# Workbench/Tool Chest



## jdp8402 (Jun 30, 2009)

I want to build a workbench/tool chest. I want it on casters so its mobile. I was thinking drawers on the left, both shallow (for wrenches, tape measures, ect.) and deep (for air tools, power tools, ect.). And maybe a cabinet on the right. I don't really know where to start. How big should it be. How wide should the drawers and cabinet be. What is a good rule of thumb for height. What kind of wood should i use. I want it to hold some good weight. Does anyone know where I can find plans. I need some advice and ideas. Any help would be appreciated.

Thanks,
Jeff


----------



## knotscott (Nov 8, 2007)

Jeff - A workbench can be just about anything you want it to be, and are often highly customized....one of the benefits of building it yourself!

I like mine the same height as my table saw... it doubles as an outfeed table. Mine is 25" deep x 60" wide but there are times I wish it were bigger. It's solid hard maple but could be beech, oak, ash, fir, hemock or other. It really depends on what you want and what you'll be doing with it. 

Do you envision yourself ever doing much handwork (planes, etc.)? You'll want to make accommodations for that if so.

free work bench plans


----------



## hammerhead (Jan 10, 2007)

Mobil (casters) under equipment is great for creating an adaptable work space. But if the casters do not lock solid it tends to allow the bench to wiggle a little which can make work a little more difficult.

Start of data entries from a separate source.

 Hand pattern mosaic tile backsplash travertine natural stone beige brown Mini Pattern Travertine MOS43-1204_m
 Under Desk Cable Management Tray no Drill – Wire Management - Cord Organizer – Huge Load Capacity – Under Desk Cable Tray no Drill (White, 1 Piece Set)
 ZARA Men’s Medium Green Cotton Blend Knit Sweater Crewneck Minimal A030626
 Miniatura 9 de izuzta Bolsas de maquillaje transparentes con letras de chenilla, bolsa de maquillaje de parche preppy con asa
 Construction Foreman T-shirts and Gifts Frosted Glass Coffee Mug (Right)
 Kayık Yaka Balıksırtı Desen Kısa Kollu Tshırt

I like to work on a heavy and stiff bench with lots of mass. More of my energy goes into sanding, sawing, planing, etc the wood and not into deflecting and shaking the bench.


----------



## phinds (Mar 25, 2009)

Jeff,

Unless you were to use really cheap/thin plywood, you are not likely to have any problem with whatever you build holding anything that you can comfortably lift yourself. Most wood is really pretty strong, and that's especially true of plywood. You should worry less about finding existing plans and more about exactly what YOU want it to do and then design it yourself. A good workbench/toolchest is a very personal thing and should be both something you can point to with pride but also use with great utility.

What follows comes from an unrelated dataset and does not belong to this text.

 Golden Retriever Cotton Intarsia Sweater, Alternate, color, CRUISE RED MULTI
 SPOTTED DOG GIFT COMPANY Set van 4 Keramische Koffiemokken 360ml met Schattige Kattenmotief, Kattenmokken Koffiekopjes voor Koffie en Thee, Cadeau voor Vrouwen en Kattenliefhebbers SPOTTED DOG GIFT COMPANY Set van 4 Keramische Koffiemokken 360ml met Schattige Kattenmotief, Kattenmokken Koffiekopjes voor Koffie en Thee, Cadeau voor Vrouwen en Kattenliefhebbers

One piece of advice I'd give you is that if you do go with a rolling version, do NOT go cheap on the casters ... if anything, get something stronger than you think you might need.

Paul


----------



## woodnthings (Jan 24, 2009)

*Good adbice with the HD casters*

Stay away from locking ones, however and consider something like this:http://www.woodworkingtalk.com/atta...other-table-saw-mobile-bases-v-2-100_1164.jpg to lock the bench in place These are homemade, but can be easily made either by threading as shown or welding a nut around an oversize hole and using threaded rod cut to length. A "T" handle is a good way to go rather than a wrench, to raise and lower the feet if it's constantly being moved.:thumbsup: bill


----------



## Gerry KIERNAN (Apr 20, 2007)

If I was looking for both mobility to move a bench around, and stability once it is in place I would be inclined to put locking casters under it. These would allow you to move your bench around when needed, and give you a fair degree of stability where you were working. If you found that the bench was moving around some, even when the casters were locked, you could add the locking legs as woodnthings was talking about. I think that between the two you should be rock solid when locked down. Woodworkers Journal has a nice little work bench plan that you can download free. There are many plans available on the internet for workbenches, some of which you can download free.
http://home.comcast.net/~kvaughn65/workbench.html This is a nice combination workbench and storage chests. This may give you an idea where to start.

Gerry


----------